Originally Posted by

**dywyddyr**
Originally Posted by

**write4u**
sorry i have never seen it before, what is it? A type universe?

lorenz attractor.

It's a "graph" of 3 simple differential equations, but despite the fact that the thing is drawn using known values it displays chaotic behaviour.

It is impossible to say where the "next step" will lie on that graph.

chaos theory.

This happens even though these systems are

__ deterministic, meaning that their future behavior is fully determined by their initial conditions, with no random elements involved__.

^{[2]} in other words, the deterministic nature of these systems does not make them predictable.

Im sorry to intrude but...

Deterministic and Predictive systems need not be the same then.

But what is it that makes the difference?

Looked at, in a picture of some reality, time is shown as a continous line.

But IS it really?

What if there is a next point,"x", to any point, x , of time?

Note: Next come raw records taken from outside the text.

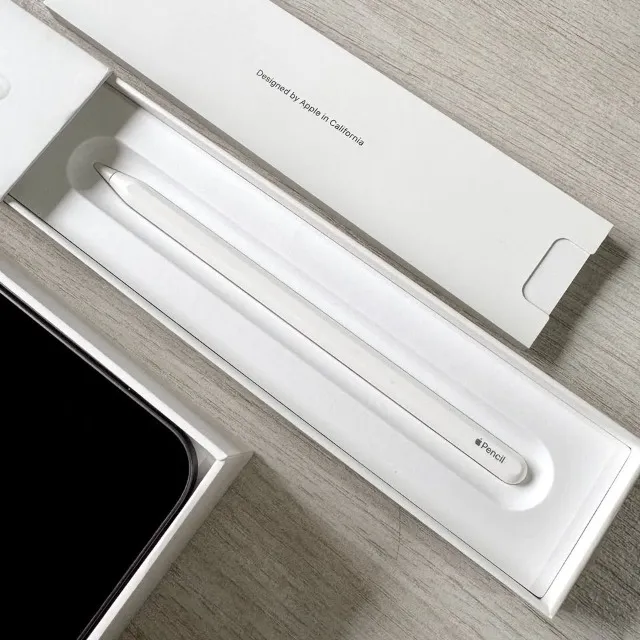 ipad air apple pencil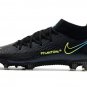 2024&25 Phantom GT Dynamic Fit Elite FG - BlackCyberLt Photo Blue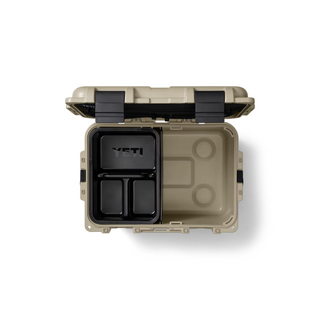 YETI® LoadOut® GoBox 30 Gear Case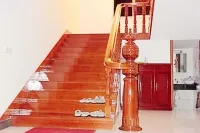 Shuanglin Bozai Farmer House No.5 Villa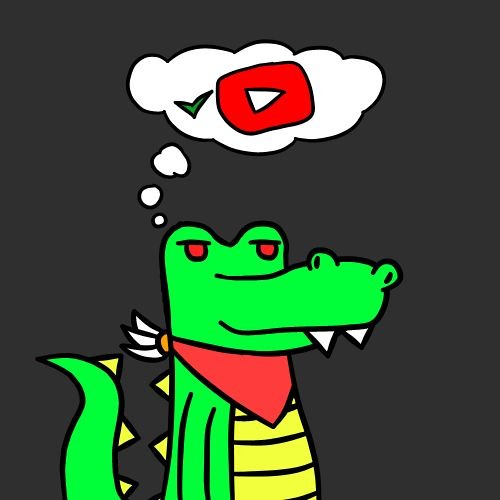 CrocodileWarrior 🐊’s avatar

Then the predictability of the line of points,

derived by induction from x, ("x", ""x"" , """x"""...)

could perhaps differ from the predictability of "x" from x.

What I think we need to show for that

is that there is some difference within "x",

between the prediction of "x" within x,

and the "x" the x will have as its next point in line. ...

((In other words: the inside difference between x and "x",

that gives time its direction.))

Making a one to one mapping impossible...

((Even if no other change is found in "x"!))

Then the induction series forming a line

cannot in its entirety be "calculated" from any x.

Is this perhaps what Chaos Theory shows?